For the modern chief financial officer, priorities are on the move.
While the traditional responsibilities like facilitating the monthly close and completing key financial reports remain in place, there are additional requirements to fulfilling the role.
Increasingly, said Steven Lord, a CFO and provider of CFO consulting services for startups at Burkland Associates, the CFO is also a vital leader in organizations’ digitization initiatives. And amid the pandemic, not only has this particular function of the CFO position strengthened, these finance chiefs have also added another key responsibility to their roster: helping organizations pivot business models.
“The role of the CFO is changing,” Lord told PYMNTS. “If you think it’s the guy with the green eye shade in the basement that produces reports once a day, that’s not what we’re doing.”
Lord explained what CFOs actually are up to in order to help their organizations succeed amid volatile times. As finance chiefs step up to the plate, Lord is urging these professionals to keep looking forward.
The Digital Opportunity
While enterprise digitization has accelerated amid the pandemic, Lord noted that this journey has been in place for years for many firms — and that the CFO has had a seat at the decision-makers’ table for quite some time.
“We were already heading there, and the pandemic has accelerated it quite a bit,” he said. “As soon as you started heading into QuickBooks Online, Gusto, Xero and all of these applications to help us connect the different areas of the finance stack, we started seeing that nexus really take shape.”
With the finance chief standing at the crux of a growing number of digital platforms, the CFO’s emerging role is to “connect the dots” between these portals to obtain actionable insights from all of the data flowing in and out. What’s vital now is for CFOs to do so accurately and quickly, but luckily, said Lord, these technologies can facilitate real-time insights. Anything slower means the data loses its value.
“You can almost say it’s like getting a COVID test and getting the results a week from now,” he said. “It doesn’t really do you as much good as it should.”
What Happens If…
As CFOs work to obtain real-time visibility into what has been and what is now, they’re also tasked with looking ahead to guide their businesses forward.
That role has elevated dramatically as so many companies have pivoted their business models in an effort to stay afloat at a time when supply chain volatility and store closures threaten the initial business strategies of so many organizations.
What Lord has seen is an opportunity for the CFO to provide understanding for the rest of the C-suite as to whether or not the pivot will be profitable.
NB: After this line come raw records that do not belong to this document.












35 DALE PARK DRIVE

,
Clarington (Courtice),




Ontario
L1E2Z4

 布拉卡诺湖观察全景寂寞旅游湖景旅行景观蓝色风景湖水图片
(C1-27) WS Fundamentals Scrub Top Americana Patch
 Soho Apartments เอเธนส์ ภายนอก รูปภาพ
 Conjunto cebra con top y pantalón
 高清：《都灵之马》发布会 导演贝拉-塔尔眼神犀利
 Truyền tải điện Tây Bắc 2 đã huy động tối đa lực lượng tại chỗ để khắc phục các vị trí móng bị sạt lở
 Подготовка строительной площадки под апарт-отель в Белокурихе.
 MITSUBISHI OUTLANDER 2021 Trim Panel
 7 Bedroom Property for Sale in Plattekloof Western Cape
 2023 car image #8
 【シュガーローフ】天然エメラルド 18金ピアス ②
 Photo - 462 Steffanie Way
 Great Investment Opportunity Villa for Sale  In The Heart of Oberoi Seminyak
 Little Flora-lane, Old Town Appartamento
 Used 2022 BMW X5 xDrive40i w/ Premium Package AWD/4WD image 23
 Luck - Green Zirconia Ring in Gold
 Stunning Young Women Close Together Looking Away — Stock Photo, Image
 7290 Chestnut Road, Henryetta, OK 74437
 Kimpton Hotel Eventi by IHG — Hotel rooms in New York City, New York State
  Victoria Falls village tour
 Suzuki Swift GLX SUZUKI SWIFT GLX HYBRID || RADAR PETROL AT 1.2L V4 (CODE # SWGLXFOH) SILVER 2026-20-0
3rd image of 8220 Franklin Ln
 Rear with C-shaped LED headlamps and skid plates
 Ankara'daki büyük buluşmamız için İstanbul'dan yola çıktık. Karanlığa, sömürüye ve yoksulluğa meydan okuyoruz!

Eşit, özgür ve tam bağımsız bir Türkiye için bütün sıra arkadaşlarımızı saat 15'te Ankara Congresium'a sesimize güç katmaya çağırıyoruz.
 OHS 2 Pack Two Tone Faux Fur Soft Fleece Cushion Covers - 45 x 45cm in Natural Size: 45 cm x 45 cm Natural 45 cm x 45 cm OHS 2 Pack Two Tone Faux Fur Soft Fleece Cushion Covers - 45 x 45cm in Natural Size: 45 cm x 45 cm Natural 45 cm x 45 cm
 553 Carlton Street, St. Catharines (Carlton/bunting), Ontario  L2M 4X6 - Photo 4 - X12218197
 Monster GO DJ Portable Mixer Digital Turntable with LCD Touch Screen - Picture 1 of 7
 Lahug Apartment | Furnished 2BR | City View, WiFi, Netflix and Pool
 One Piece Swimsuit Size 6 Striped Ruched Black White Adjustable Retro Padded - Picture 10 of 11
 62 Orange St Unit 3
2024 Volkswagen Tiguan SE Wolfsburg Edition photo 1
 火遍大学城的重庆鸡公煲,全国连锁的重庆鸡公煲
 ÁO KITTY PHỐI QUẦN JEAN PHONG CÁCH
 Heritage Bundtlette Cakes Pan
Beyond that, organizations need to know whether a business will be better off than if it wouldn’t pivot, and to detail net profit margins, gross profit margins, and how much capital a business will need if it moves forward with a new business model.
Ultimately, the CFO can offer visibility into how much the pivot is going to cost, and how long it would take for capital to begin returning back to the organization.
It’s an example of how important it is for the modern CFO to continue looking forward. According to Lord, it’s particularly important for startups to understand the value of the CFO as opposed to having only a CPA (certified professional accountant) running the books.
“Getting a CFO alongside you earlier in your lifecycle rather than later is super important,” he said. “It’s about charting the course ahead with the high beams on to know where to go, how to get there, and what mistakes we can avoid.”
One of the biggest mistakes a CFO can make today is failing to maintain that futuristic outlook — both for the enterprise and for the professional herself.
“If there is a caution out there, it’s that the CFO can run the risk of being less proactive than they could be,” added Lord, “and I would encourage all CFOs out there to think about what they could bring to the team in terms of innovative thinking.”